### LISTED RECORDS
^^^^
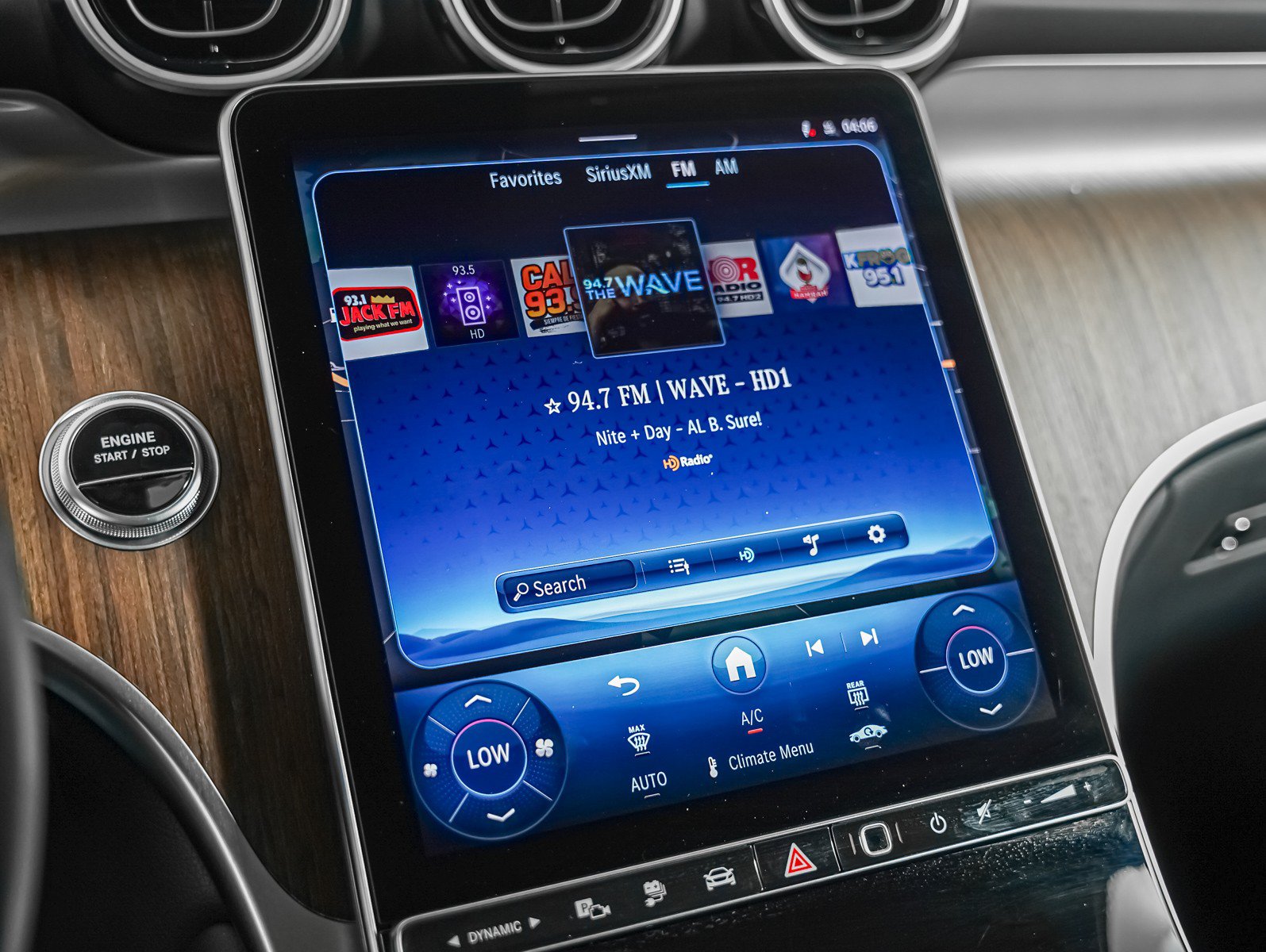 Certified 2025 Mercedes-Benz GLC 350e 4MATIC image 22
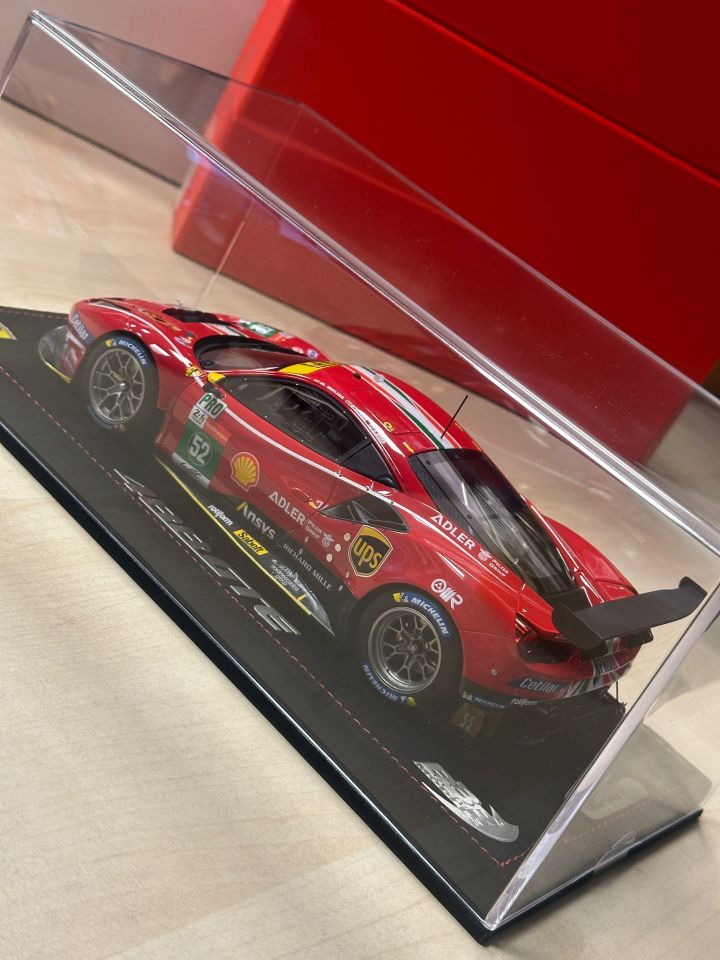 BBR FERRARI 488 GTE LIMITED 13-68 1:18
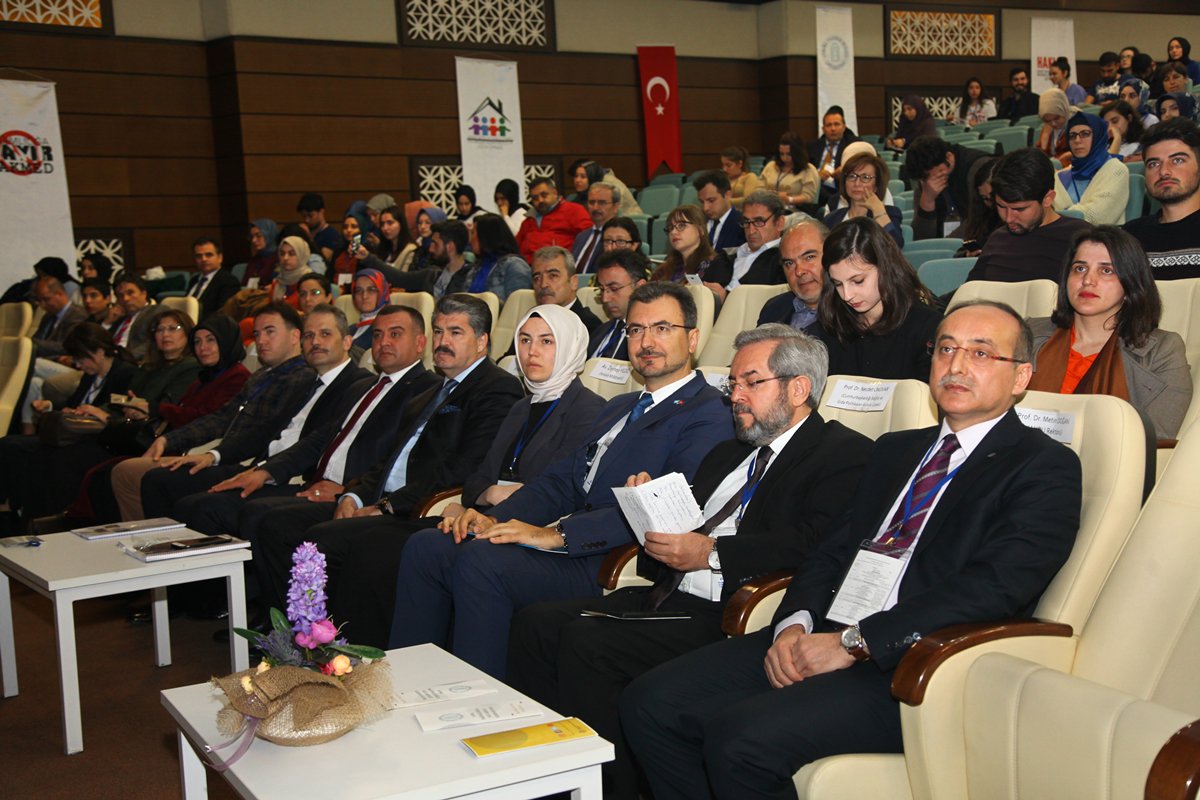 ybuankara's tweet photo. Üniversitemizde Bağımlılıkla Mücadele Sempozyumdan Kareler
https://t.co/5i2mor6nRS
#ÜniversitemAYBÜ #AYBUBMS19
@drMetinDogan @usanfatih @aricankazim @ybunikonsey @AybuMucadele @AfakYbu @YBUfotograf @Aybu_mgt @aybudhob @Aybushk @EngelsizYbu @MecYbu https://t.co/4falNMP2JV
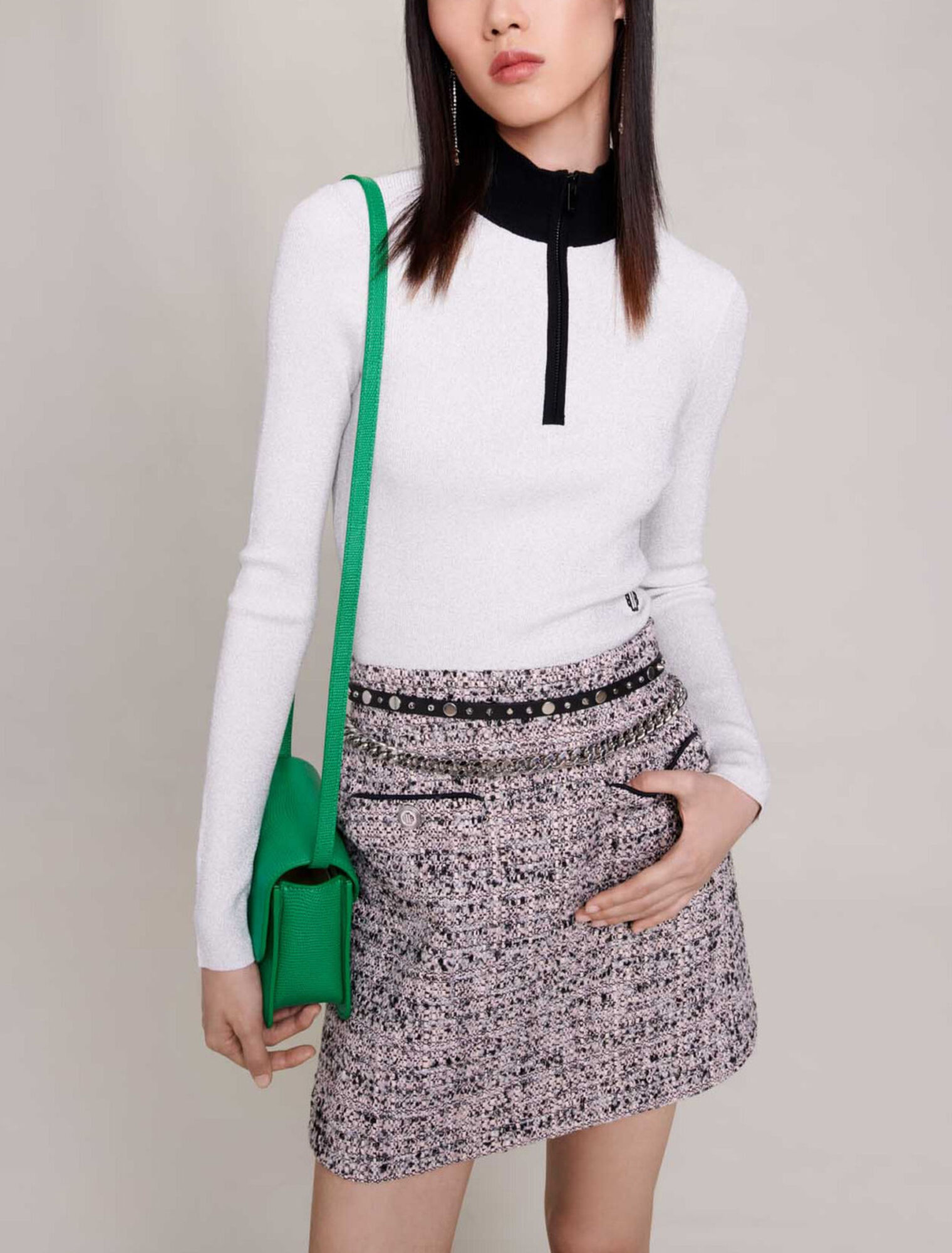 Short tweed skirt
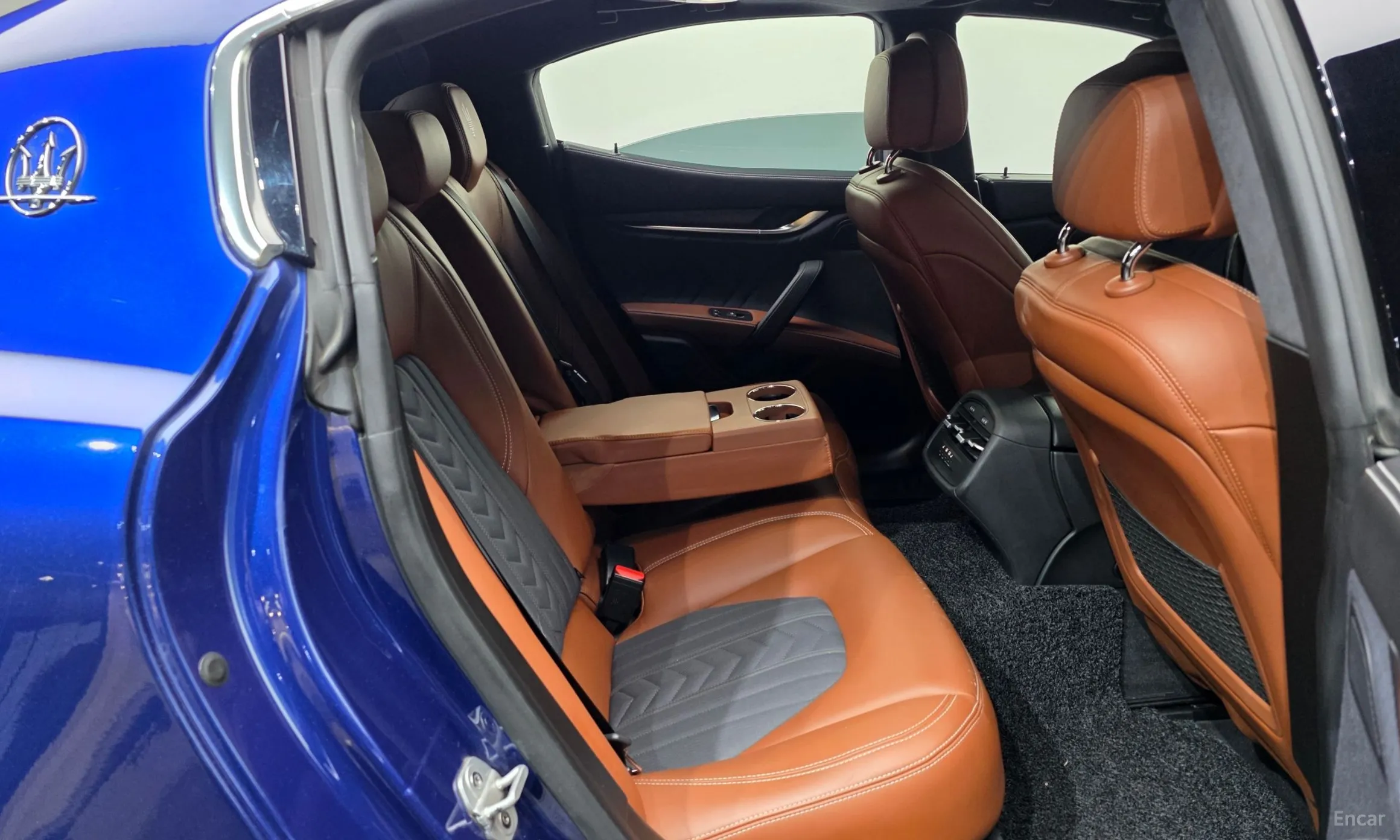 Maserati Ghibli превью 12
^^^^
### DIRECTIONS
Of the records above, copy each line that includes "https".

### OUTPUT FOR THIS EXERCISE
https://t.co/5i2mor6nRS
@drMetinDogan @usanfatih @aricankazim @ybunikonsey @AybuMucadele @AfakYbu @YBUfotograf @Aybu_mgt @aybudhob @Aybushk @EngelsizYbu @MecYbu https://t.co/4falNMP2JV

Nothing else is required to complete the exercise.